В палатке стояли самодельные столы. На двух жердях, подпирающих потолок, проволокой прикручены воронки для сбора смолы. В них был налит керосин. Чадили самодельные фитили из пакли. Света хватало лишь на то, чтоб не пронести ложку мимо рта.
— Барышни! — крикнул капитан. — Покормите!
Он достал из кармашка гимнастерки квиток на ужин — бумажку с подписью начальника тыла. По таким квиткам кормили тех, кто не стоял на довольствии в столовой.

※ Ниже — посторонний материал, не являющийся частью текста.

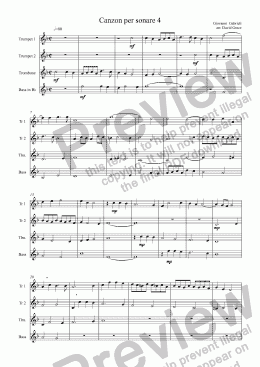 page one of Canzon per sonare 4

Глядя, как капитан расправлял на столе квиток, я догадался, что он из госпиталя. Для этого достаточно поглядеть лишь на обувь. По обуви легко определить, сколько человек прослужил в армии — хромовые сапоги сохранились у кадровиков, в основном у политсостава; яловые тоже говорили о том, что человек пришел служить до начала боевых действий, потому что основная масса командиров, призванных после 22 июня 1941 года, ходила в кирзе. На ногах бойцов плескались обмотки. Правда, с сорок второго года появились и немецкие сапоги.
На капитане были новенькие хромовые сапожки: он прибыл из глубокого непуганого тыла, где ночью в окнах домов светятся огни.

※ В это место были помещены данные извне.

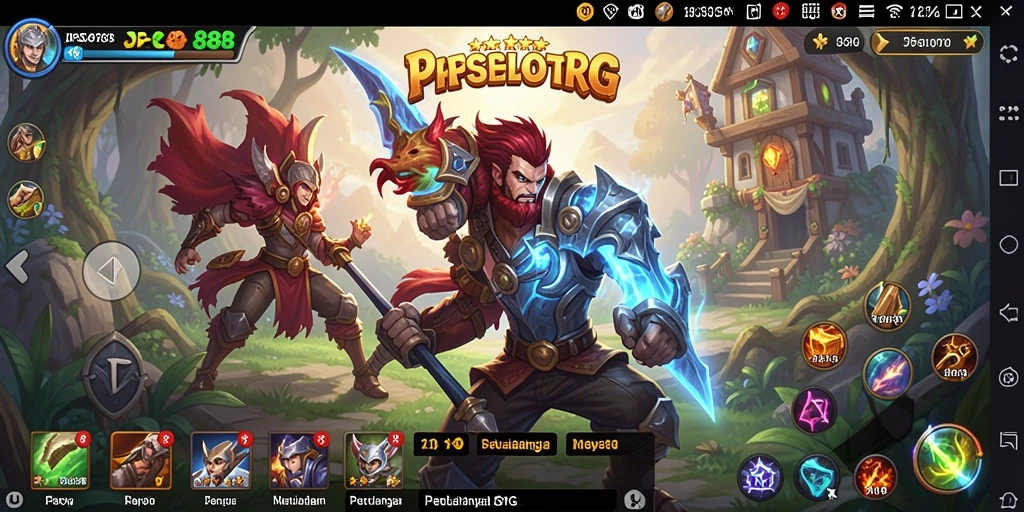 Tangkapan layar menunjukkan aksi menarik dalam petualangan RPG JPSLOT88.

— Давай знакомиться, Козлов, — предложил капитан и протянул мне правую руку. — Борис Борисович Иванов.
— Откуда знаете мою фамилию? — спросил я.
— Я все знаю, — заверил капитан.
Принесли две миски с рагу. Когда мы управились с мясом и рисом, перед нами поставили по кружке молока.
Хорошо было сидеть в столовой командного состава — сухо, тепло, светло, пахло вкусно.
Капитан ел не спеша, молоко пил маленькими глоточками.
— Значит, в Бессарабии не был? — спросил он во второй раз.
— Нет.
— Я был… Меня там шарахнуло. Очнулся в Оренбурге. Напротив мечети. По улицам ишаки пасутся, прямо тишь да гладь.
— Вы были пограничником? — почему-то спросил я.
— Нет, кавалеристом… Шить умеешь?
— Умею пуговицы пришивать.
— Отлично! Он отвернул в пилотке клеенчатый ободок, редкими неточными движениями размотал с иголки нитку.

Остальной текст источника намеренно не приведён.